5 Tips to Manage Credit Card Spending
If you use a personal credit card for day-to-day shopping and getting cash back, you know that managing your credit card spending is very important.
Credit card debt is among the leading causes of financial distress for U.S. consumers. According to NerdWallet, the average American household has more than $7,100 in credit card debt. That debt carries a real cost beyond the dollar amount owed. Fortunately, it's well within your power to use credit cards wisely. Here are five tips to help manage your credit card spending.
1. Keep Your Credit Utilization Ratio Low
Your credit utilization ratio describes the relationship between your credit card balances and your aggregate spending limit. For example, a $2,000 balance on a credit card with a $5,000 credit limit equates to a 40 percent credit utilization ratio.
As a rule of thumb, your credit utilization ratio shouldn't exceed 40 percent for very long, if ever. High ratios may adversely impact your credit score — an outcome that can have negative consequences for your financial and personal life.
To be on the safe side, shoot for a 30 percent credit utilization ratio. That gives you some breathing room to cover unexpected expenses, such as emergency car maintenance.
2. Pay Your Credit Card in Full Each Month
The best way to keep your credit utilization ratio low and avoid costly interest charges is to pay your credit card balance in full each month. An effective spend-control strategy involves not spending more than you can comfortably pay down each month — you'll reduce your likelihood of developing persistent credit card debt.
It's permissible to bend this rule in limited circumstances. For instance, if you have existing high-interest credit card debt, it's in your best interest to open a balance transfer credit card with a low- or no-interest teaser rate, transfer the high-interest balance, and pay it down over the course of several months. As long as you pay off the balance before the regular rate kicks in, you'll greatly reduce the cost of carrying the debt.
3. Leverage Rewards to Improve Your Financial Health
If you have a rewards credit card, you might be able to use it to to help improve your financial wellness. If you have a pure cash back credit card, use any cash rewards you receive to put toward your account balance or direct deposit it into a savings account. Alternatively, if you have a rewards points credit card, you can use your rewards to buy discounted gift cards to the stores you know and love—saving on future purchases without having to use your credit card. Or, you may also be able to redeem your reward points for cash redemption to put into savings or towards your account. Just make sure you know when your rewards expire to get the most out of them.

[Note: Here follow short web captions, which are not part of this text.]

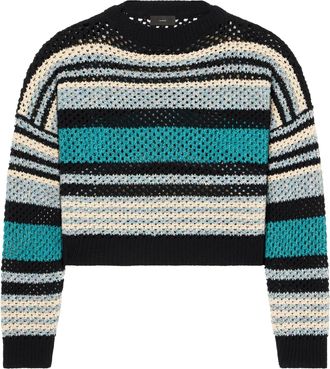 Alanui Cropped Ocean Stripes Sweater with Textured Loose Knit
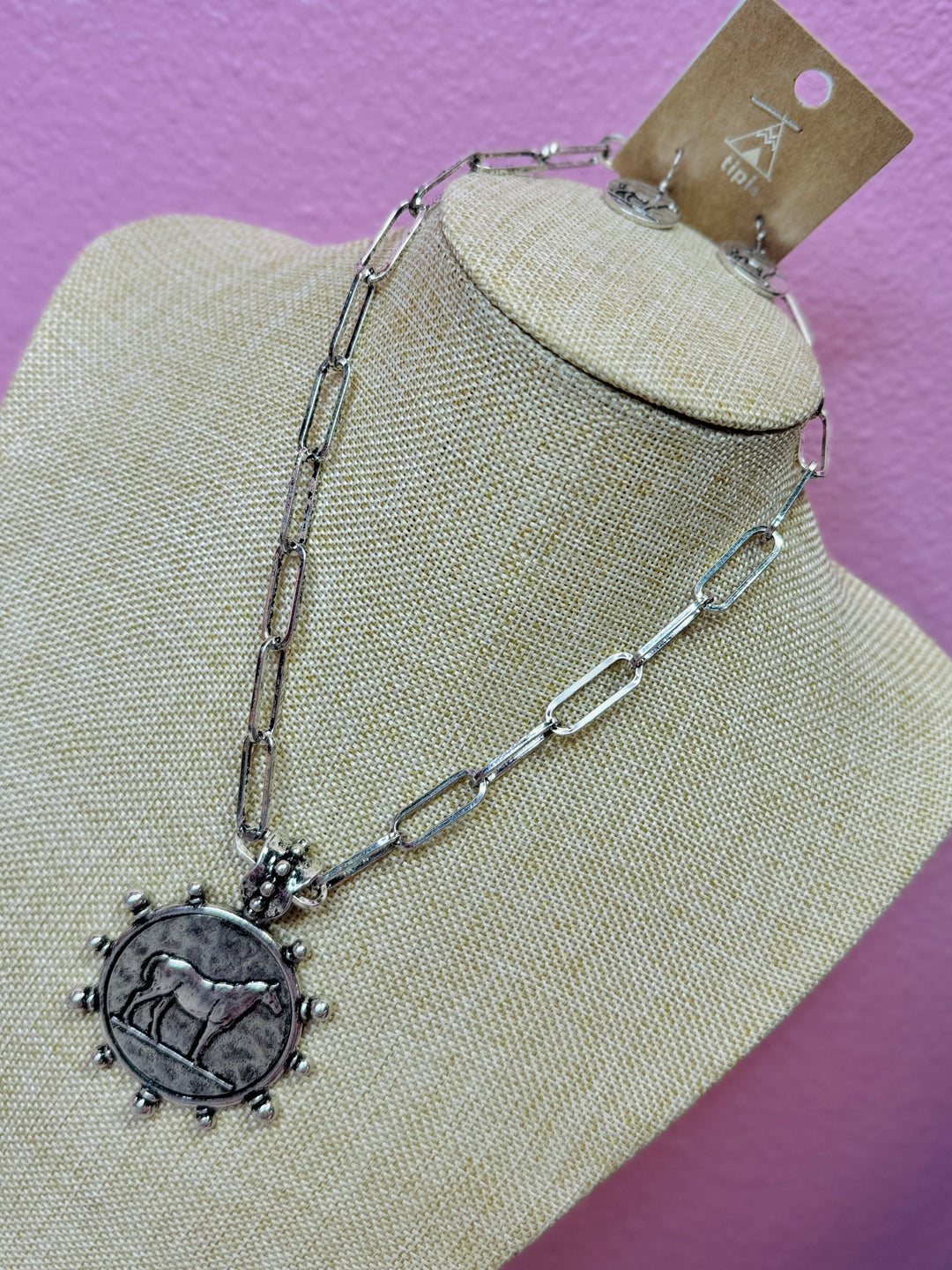 Western Horse Coin Necklace Set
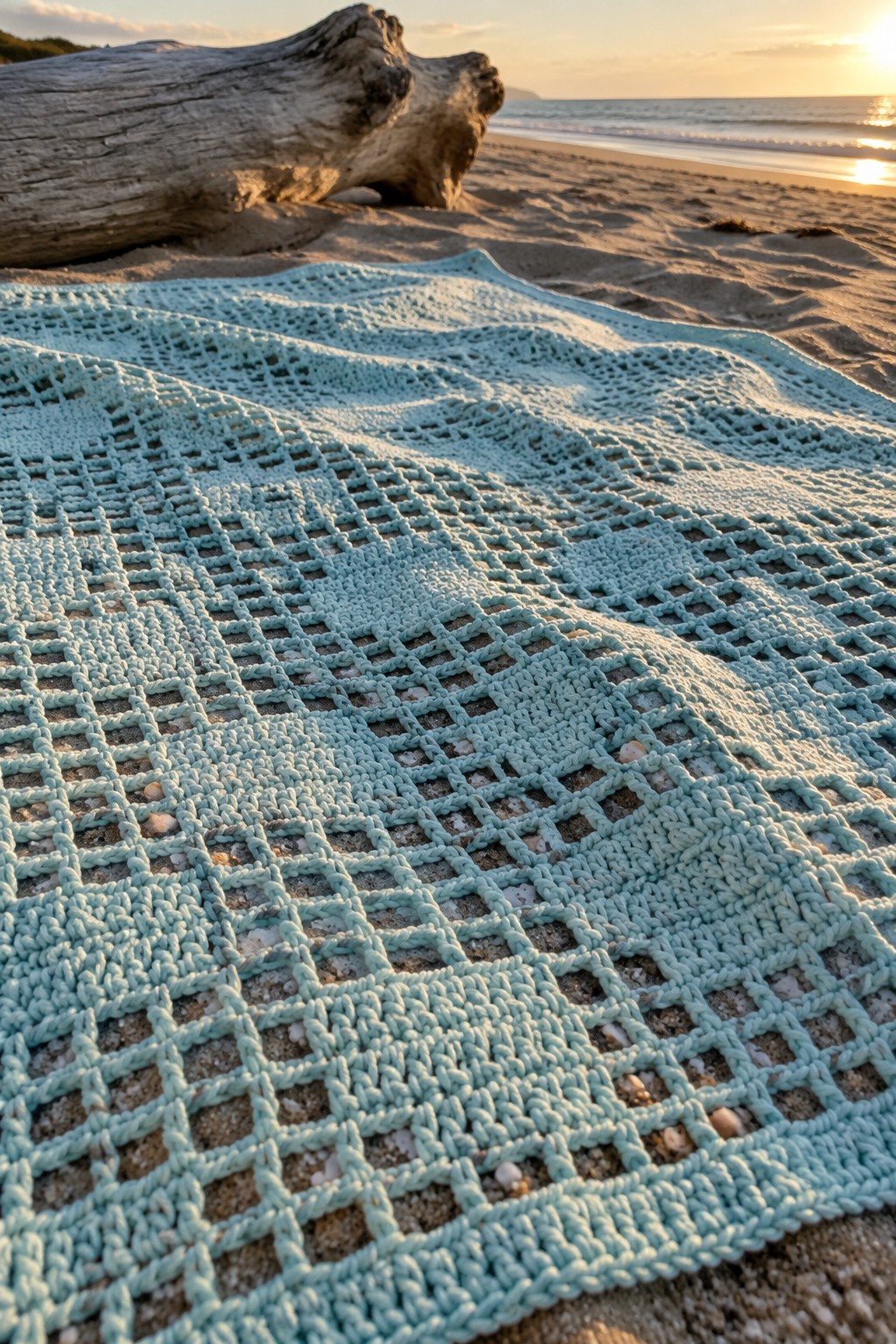 Light blue crocheted blanket spread on sandy beach near driftwood and ocean sunset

4. Consider Setting a Monthly Spending Limit
This is a more specific approach that takes the "pay your balance in full each month" strategy one step further. Setting a strict monthly spending limit that's well within your budget increases the chances that you'll actually be able to zero out your monthly balance and avoid interest charges.
5. Set up Spending and Security Alerts
If you're worried about controlling your credit card spending, set up customized spending alerts that let you know when you've made an abnormally large payment or exceed a certain balance threshold. Pair these informational alerts with security alerts designed to flag potentially fraudulent spending patterns.
It's important to be mindful of the everyday purchases you make on a credit card. When used wisely, credit cards are tools that can help you make more progress along your financial journey. Sometimes, the best course of action is to take things slow.